Ford adds Austin to its AV plans

Some automated-vehicle developers are synonymous with their test-bed cities. Cruise Automation conducts almost all its testing within the confines of San Francisco. Waymo has pinned its early focus on the Phoenix market.

Ford Motor Co., on the other hand, has gone in the opposite direction. When the company launches a commercial business centered on autonomous driving sometime in 2021, it intends to start in multiple markets.

One of those will be Austin, Texas.

On Wednesday morning, Ford revealed that the Lone Star State's capital will be one of the three cities it intends to do business in once operations commence. Argo.ai, the company building Ford's self-driving technology, will start mapping Austin's roads sometime this November. Austin joins Washington, D.C., and Miami as Ford's planned business locations.

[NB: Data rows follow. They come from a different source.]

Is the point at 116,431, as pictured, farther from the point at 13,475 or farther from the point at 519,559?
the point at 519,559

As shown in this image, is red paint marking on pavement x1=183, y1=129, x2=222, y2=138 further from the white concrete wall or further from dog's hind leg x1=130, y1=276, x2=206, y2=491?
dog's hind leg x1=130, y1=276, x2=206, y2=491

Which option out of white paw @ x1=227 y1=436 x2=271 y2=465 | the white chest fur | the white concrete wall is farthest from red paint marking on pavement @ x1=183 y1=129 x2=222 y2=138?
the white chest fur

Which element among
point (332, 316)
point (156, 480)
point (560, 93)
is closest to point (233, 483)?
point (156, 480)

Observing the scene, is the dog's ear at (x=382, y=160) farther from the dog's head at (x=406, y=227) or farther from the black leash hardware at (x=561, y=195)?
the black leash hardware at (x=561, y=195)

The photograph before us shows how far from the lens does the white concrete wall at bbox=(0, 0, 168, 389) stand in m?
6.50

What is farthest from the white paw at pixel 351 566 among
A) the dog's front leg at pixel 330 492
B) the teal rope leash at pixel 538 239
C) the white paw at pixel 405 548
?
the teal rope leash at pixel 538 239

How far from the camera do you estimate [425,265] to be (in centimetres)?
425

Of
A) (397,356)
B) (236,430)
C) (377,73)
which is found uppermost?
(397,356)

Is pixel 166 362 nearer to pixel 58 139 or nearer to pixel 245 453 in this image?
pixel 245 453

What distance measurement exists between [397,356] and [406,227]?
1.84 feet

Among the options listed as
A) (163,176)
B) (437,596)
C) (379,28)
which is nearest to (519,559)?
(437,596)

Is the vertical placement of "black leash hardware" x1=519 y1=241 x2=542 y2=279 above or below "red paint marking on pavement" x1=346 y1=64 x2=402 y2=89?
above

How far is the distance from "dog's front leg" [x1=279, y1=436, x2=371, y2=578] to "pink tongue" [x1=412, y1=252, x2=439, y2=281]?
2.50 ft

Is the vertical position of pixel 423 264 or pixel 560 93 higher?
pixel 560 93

Sherif Marakby, chief executive officer of Ford Autonomous Vehicles LLC, the subsidiary set up to handle Ford's fledgling AV business, emphasized Wednesday that the company's pending arrival in Austin provides needed time to refine both technology and business blueprints.

Working on the latter now will help scale the business once the technology is ready, and that's one reason Ford is spreading resources across three major markets.

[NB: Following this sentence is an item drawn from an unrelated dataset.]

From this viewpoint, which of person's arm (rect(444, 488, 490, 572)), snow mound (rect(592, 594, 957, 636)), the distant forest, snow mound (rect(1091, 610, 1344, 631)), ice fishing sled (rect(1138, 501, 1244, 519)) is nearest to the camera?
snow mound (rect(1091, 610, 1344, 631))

"We're doing it the hard way," Marakby said. "It's hard to do it that way, but we understand what it takes, because we've been doing it for a few years, planning depots, staff and technology development. One of the big pros of this approach is the ability to scale fast. If we have to launch in three cities in a variety of environments and campuses and things like that, we can scale fast. … And we think scale is key."

Perhaps more than any competitors, Ford has spent substantial efforts developing and vetting the business side of its self-driving operations. In Miami and Washington, Ford has worked with local businesses such as florists and dry cleaners to determine how its AVs might best suit their delivery needs. Already, the company has adjusted its plan and cast aside some initial preconceptions of how delivery services might work.

Ford did not say how many of its Fusion hybrid test vehicles it will immediately deploy to the Austin area to begin mapping and learning the habits of Austin drivers and other road users. Once it launches, the company will eschew the Fusions for a dedicated, purpose-built autonomous vehicle that has not yet been unveiled but is widely expected to be a hybrid that draws from learnings on the commercial side of the company's business and be sturdy enough to last for "hundreds of thousands of miles," according to Marakby.

He said Wednesday it's too early to say exactly what percentage of initial business will be targeted toward delivery services vs. ride-hailing operations. Both are in the company's initial plans.

Broadly, Ford's steady rollout of test and prospective commercial markets comes at a time when others in the industry are recalibrating their autonomous-vehicle plans and time frames. Notably, Cruise Automation, GM's self-driving unit, delayed plans to launch a commercial business in 2019, with no amended timeline yet announced. Marakby touted the consistency of Ford's long-planned 2021 timeline when speaking to reporters earlier this week.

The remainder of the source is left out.